DAILY SCOPE: Deash Attracts Christians for Extremism

Local Editor
NEWSPAPERS HEADLINES:
AS-SAFIR:
"Daesh" Attracts Christians: ‘Jack' New Victim
AL-AKHBAR:
Mediator in Abducted Soldiers File Deceased
French Delegation to Syria: Assad Part of Solution
AL-BINAA:
Turkey Puts ‘Abducted Soldiers' File, Intervention in Aleppo for Negotiation
DAILY STAR:
Minister to Tackle Cabinet Row Next Week

In the wake of increasing terrorism in Syria, French MPs from the French Parliament and the Senate visited Damascus to meet with Syrian President Bashar al-Assad, on which papers focused on Thursday.
Also, the local dailies shed light on the situation in Yemen, and highlighted the Daesh practices against the Assyrians and their displacement from Syria's Hassakeh.
On the local level, the newspapers touched on the governmental impass taking place in light of the mechanism crisis and the presidential void.
As-Safir newspaper noted that new phenomena are being uncovered with more young men joining the extremist movements in Syria.
The daily quoted security sources that a young Christian man with the nickname Jack has apparently joined the terrorist groups in Syria. Jack, 28 years old, from an well-known Orthodox family from Tripoli had moved to Turkey since a while and then to Syria where he joined Daesh. The information was obtained from his siblings during investigations by the Lebanese army.
According to the daily, sources feared that Jack will be appointed to carry out a terrorist operation in Lebaon, where the terrorist group exploits his religion to keep his identity hidden. Therefore, extra-ordinary efforts are being made by the security apparatuses in Lebanon to keep track of the so-called Jack and monitor all those who he might be in contact with.
This is not the first case of a Christian young man joining the lines of Daesh, the paper noted. Moreover, sources told as-Safir that so far, more than 400 young men have been recruited from North Lebanon, who have left their homes quickly, either through fooling their families that they are leaving for tourism or as having to move out to Beirut or the Bekaa valley for work.
Sources underscored that the recruitment process no longer requires meetings and gatherings but is rather done over the internet.

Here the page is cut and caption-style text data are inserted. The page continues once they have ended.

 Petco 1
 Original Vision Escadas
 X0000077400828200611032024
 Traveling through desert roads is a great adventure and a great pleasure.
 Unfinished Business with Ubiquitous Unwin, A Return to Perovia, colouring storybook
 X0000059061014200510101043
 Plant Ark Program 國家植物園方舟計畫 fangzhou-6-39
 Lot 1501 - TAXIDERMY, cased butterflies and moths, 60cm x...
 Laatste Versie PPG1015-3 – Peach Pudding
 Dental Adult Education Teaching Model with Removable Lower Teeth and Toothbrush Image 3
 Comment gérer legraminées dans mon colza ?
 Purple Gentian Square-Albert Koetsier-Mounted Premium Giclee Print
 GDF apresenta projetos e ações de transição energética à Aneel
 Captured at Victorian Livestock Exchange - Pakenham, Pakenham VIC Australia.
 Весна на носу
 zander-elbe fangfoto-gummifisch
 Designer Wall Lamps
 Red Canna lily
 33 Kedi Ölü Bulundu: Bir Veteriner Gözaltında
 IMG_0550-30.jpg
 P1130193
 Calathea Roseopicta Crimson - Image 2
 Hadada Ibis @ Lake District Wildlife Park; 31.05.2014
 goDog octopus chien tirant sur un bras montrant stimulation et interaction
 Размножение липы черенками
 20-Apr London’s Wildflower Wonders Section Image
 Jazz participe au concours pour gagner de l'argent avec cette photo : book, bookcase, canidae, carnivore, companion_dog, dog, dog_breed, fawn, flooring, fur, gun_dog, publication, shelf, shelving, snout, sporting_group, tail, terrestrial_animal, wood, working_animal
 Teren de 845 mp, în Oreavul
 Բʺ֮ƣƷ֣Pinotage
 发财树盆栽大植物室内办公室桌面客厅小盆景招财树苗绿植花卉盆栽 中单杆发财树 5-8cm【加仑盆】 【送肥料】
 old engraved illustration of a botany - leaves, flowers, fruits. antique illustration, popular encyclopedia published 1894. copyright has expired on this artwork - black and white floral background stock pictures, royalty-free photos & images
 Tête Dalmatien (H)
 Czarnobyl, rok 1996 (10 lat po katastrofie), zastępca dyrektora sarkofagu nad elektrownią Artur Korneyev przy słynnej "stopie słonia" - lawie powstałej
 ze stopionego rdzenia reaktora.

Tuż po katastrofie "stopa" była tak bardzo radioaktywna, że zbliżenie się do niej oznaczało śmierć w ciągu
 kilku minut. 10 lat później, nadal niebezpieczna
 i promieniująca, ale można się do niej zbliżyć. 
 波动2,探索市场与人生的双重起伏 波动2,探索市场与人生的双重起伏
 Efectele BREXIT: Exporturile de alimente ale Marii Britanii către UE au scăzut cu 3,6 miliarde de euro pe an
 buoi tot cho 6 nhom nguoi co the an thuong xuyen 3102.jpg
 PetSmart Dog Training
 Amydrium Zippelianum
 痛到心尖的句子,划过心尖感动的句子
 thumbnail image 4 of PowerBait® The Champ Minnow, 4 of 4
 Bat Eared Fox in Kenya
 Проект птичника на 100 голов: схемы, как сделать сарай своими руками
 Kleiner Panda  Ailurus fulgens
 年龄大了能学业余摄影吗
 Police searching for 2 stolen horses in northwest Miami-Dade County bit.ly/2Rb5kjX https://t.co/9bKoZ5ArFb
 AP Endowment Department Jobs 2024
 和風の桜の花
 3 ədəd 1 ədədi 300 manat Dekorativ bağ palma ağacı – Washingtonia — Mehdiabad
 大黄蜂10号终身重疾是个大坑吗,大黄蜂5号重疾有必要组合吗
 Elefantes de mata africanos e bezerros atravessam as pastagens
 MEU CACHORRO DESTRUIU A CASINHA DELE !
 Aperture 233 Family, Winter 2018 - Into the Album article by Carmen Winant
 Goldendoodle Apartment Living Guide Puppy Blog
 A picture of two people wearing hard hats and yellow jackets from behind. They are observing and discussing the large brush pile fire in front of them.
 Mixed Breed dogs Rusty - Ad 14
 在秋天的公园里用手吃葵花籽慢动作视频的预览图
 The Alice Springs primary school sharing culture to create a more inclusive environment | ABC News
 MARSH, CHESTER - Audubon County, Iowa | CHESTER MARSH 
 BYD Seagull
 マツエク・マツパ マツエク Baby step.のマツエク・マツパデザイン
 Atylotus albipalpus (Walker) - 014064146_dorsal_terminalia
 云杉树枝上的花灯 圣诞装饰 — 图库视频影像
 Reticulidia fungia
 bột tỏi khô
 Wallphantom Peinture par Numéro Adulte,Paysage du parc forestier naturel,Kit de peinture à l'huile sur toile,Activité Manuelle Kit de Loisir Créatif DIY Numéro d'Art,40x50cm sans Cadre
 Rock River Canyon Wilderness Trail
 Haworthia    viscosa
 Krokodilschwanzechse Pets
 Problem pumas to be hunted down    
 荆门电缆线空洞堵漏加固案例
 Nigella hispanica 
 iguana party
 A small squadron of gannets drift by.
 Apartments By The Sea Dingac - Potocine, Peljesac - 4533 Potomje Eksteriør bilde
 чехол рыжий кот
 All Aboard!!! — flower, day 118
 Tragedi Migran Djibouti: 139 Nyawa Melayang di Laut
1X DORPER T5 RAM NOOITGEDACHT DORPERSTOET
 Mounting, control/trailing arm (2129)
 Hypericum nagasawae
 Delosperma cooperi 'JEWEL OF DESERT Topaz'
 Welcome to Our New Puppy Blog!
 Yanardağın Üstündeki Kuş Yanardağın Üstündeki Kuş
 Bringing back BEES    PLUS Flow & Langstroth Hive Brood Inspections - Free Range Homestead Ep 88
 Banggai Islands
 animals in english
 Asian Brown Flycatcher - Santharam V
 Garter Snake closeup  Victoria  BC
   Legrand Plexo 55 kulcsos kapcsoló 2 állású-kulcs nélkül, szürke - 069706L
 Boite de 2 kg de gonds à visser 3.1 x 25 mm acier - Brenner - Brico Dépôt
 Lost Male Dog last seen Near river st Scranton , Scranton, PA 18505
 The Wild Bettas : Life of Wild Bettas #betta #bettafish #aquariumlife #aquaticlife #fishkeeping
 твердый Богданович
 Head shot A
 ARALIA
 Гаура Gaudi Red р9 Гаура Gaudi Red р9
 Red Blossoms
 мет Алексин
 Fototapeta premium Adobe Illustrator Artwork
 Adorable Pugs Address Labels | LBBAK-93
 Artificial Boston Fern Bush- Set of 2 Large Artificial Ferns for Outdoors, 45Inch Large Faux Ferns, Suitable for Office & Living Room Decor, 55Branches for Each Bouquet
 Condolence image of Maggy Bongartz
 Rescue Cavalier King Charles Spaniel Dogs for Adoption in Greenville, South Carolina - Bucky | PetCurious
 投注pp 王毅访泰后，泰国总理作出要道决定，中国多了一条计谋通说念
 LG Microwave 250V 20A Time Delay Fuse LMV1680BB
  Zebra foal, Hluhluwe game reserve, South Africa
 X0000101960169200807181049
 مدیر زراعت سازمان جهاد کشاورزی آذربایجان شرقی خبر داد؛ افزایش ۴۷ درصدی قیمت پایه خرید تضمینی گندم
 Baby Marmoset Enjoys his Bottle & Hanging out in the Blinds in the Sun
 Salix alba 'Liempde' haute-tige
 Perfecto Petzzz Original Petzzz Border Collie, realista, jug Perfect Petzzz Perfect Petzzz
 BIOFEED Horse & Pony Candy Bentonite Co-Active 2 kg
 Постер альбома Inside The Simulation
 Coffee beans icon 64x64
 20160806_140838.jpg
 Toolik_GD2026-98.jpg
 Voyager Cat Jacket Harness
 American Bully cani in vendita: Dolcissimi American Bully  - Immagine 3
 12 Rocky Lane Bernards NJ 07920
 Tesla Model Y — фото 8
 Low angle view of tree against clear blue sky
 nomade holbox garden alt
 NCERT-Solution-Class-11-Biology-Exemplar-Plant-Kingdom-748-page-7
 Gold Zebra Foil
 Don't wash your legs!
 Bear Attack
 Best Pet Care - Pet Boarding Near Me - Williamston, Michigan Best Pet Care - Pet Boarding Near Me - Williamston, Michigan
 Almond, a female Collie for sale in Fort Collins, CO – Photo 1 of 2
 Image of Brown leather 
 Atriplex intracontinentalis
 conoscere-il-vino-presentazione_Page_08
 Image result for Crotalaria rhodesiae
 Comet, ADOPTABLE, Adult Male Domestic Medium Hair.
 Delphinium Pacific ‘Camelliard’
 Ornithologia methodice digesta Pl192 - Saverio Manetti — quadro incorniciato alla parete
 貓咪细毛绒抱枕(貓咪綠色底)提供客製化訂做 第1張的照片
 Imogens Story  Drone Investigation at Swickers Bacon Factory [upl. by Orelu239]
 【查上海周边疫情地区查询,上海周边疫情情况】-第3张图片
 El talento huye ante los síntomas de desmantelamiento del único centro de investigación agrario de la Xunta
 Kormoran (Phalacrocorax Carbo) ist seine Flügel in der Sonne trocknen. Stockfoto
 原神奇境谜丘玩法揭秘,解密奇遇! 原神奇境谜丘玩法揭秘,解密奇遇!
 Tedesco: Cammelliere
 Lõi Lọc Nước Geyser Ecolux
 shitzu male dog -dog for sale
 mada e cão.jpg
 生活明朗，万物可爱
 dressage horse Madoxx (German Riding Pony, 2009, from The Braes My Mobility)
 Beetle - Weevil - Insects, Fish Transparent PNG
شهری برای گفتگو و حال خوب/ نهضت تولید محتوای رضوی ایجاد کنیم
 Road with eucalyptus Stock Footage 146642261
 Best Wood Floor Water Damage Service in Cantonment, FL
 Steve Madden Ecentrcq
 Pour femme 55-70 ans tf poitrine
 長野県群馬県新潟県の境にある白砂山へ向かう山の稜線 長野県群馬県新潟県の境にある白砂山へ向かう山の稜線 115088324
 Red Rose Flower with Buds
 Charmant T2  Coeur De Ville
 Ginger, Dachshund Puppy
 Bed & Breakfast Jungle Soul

On the Lebanese government level, an-Nahar newspaper said that in a phone call with Premier Tammam Salam, he said that the current government mechanism being focused on is the implementation of article 65 of the constitution, which stipulates consensus, otherwise voting will take place.
Earlier on Wednesday, Salam noted that the failure to elect a president has caused numerous problems regarding the functioning of the government.
He said: "The obstacles standing in the way of government work and the debate over its mechanism are a result of failing to elect a president."
He made his remarks at that launch of the Arab Forum on Food Safety at the headquarters of General Union for Chambers of Commerce, Industry and Agriculture for Arab Countries in Beirut.
Addressing food safety, the premier said: "The campaign is part of the government. The citizen's food became much better and is subject to the implementation of strong standards."
The Lebanese daily, touching on the Syrian crisis, said that around 5 thousand Assyrian Christians have been displaced from their homes in Syria's Hassakeh, after the so-called "extremists attacked the village and abducted its sons. Coinciding with the violent incident, four French lawmakers met with Syrian President Bashar Assad Wednesday during a private trip to the war-torn country, despite a breakdown in diplomatic ties between Paris and Damascus.
The French government, which supports the Syrian opposition and wants Assad to leave power, was quick to clarify that the lawmakers were there in no official capacity.
"We met Bashar Assad for a good hour. It went very well," Jacques Myard, an MP from the conservative opposition UMP party, told Agence France-Presse in a telephone interview.
He refused to reveal the content of the talks, but Syrian state television said they had discussed "the state of Syrian-French relations, as well as the developments in the Arab world and Europe, especially with regard to terrorism."
Also touching on the issue of extremists in Lebanon, media sources told al-Liwaa daily that "one of the most dangerous Lebanese terrorists who had joined Daesh, with the initials B.A. is linked to the beheading of the army personal Ali Sayyed in Arsal has been seen around Tripoli.
Security sources obtained information that the extremist is managing a network that aims at liquidating some Tripoli figures. Yet, sources in the army intelligence said there is no clear evidence that the network is linked to what has been reported before on the list of figures from Tripoli that are target to assassination.